What is an insider threat?

An insider threat is a person with inside knowledge of or access to an organization’s resources, who then uses that privileged knowledge or access to cause harm to the organization.

When it comes to SaaS, an insider threat is when a person who has been granted access permissions to the organization’s SaaS applications or data uses that access to cause harm.

Who can pose insider threats in SaaS ecosystems?

The three main categories of parties who can pose insider threats in your organization’s SaaS ecosystem are:

  • Employees
  • 3rd party collaborators
  • Former employees/contractors (if access isn’t rescinded)

Employees

Employees need access to your SaaS systems to do their job and do it well. But the same access that provides them with the tools to do good may turn into a tool to do harm, if misused.

3rd party collaborators

While the most obvious source of insider threats in cyber security comes from the organization’s employees, they are not the only source. The nature of SaaS (and its primary selling point!) is the ease of collaboration, and so any external party that an employee needs to collaborate with can potentially be made an insider. 

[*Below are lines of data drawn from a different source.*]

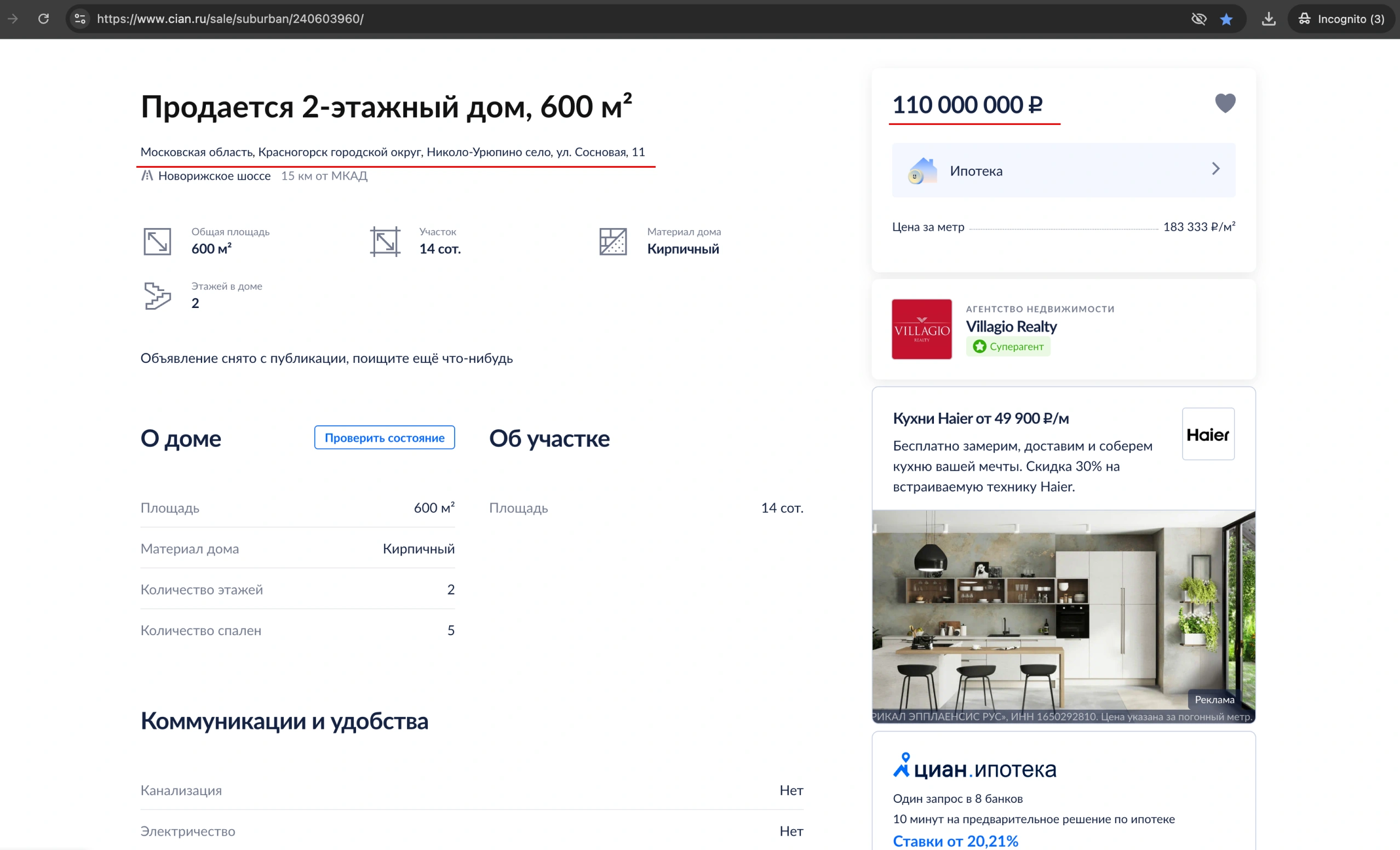 Дом мошенника Маннанова Руслана в селе Николо-Урюпино, улица Сосновая 11 за 110 МЛН Рублей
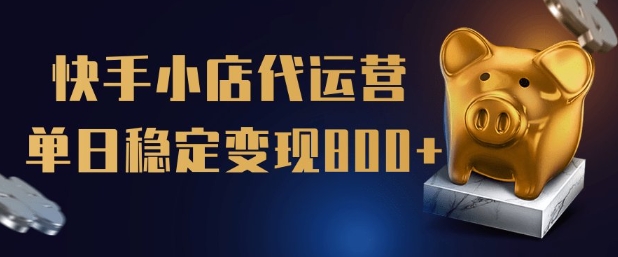 【快手小店代运营】限时托管计划，全程喂饭，单日稳定变现5张【揭秘】-逐浪前行
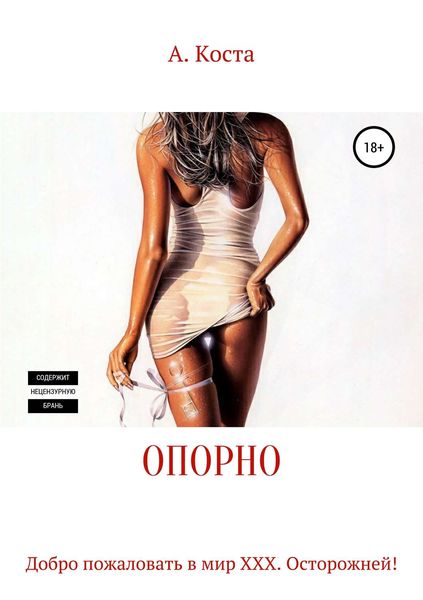 Обложка книги  «Опорно»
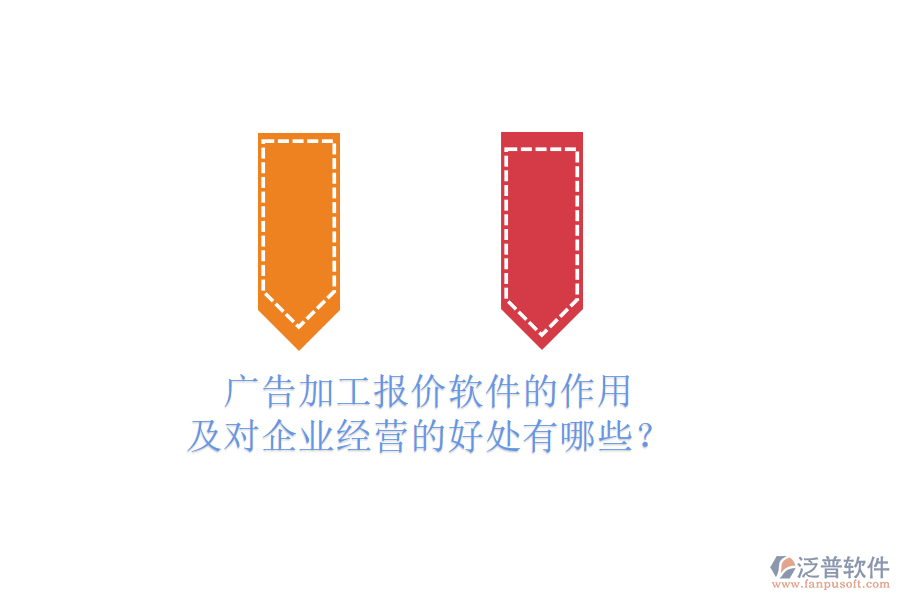 廣告加工報(bào)價(jià)軟件的作用及對(duì)企業(yè)經(jīng)營(yíng)的好處有哪些?
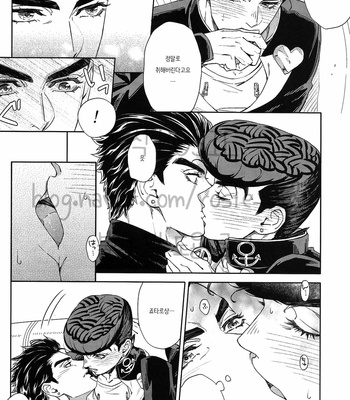 [DokuKinokoSha (Uchiyama Lammy)] The Suite of Super Darling – JoJo dj [kr] – Gay Manga sex 9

These potential insiders can include:

  • Contractors
  • Service providers
  • Suppliers
  • Customers and clients
  • Partners

Former employees/contractors (if access is not rescinded) 

Organized systems tend toward entropy. It’s less effort to make a mess than to clean it up. And it’s easier to give access to your SaaS assets than to remember to remove that access when it’s no longer needed.

Almost everyone who uses Google Workspace, for example, has had the experience of seeing a Google Drive asset with access permissions for people who no longer work at the company. This is even more common when access is given to private or personal email accounts. Retained access past the point of practical benefit invites unnecessary risk

Types of insider threats

Not all insider threats are created equal. Insider risks range in intention from benign mistakes to deliberate destruction. The following are the different types of intentional and unintentional insider threats.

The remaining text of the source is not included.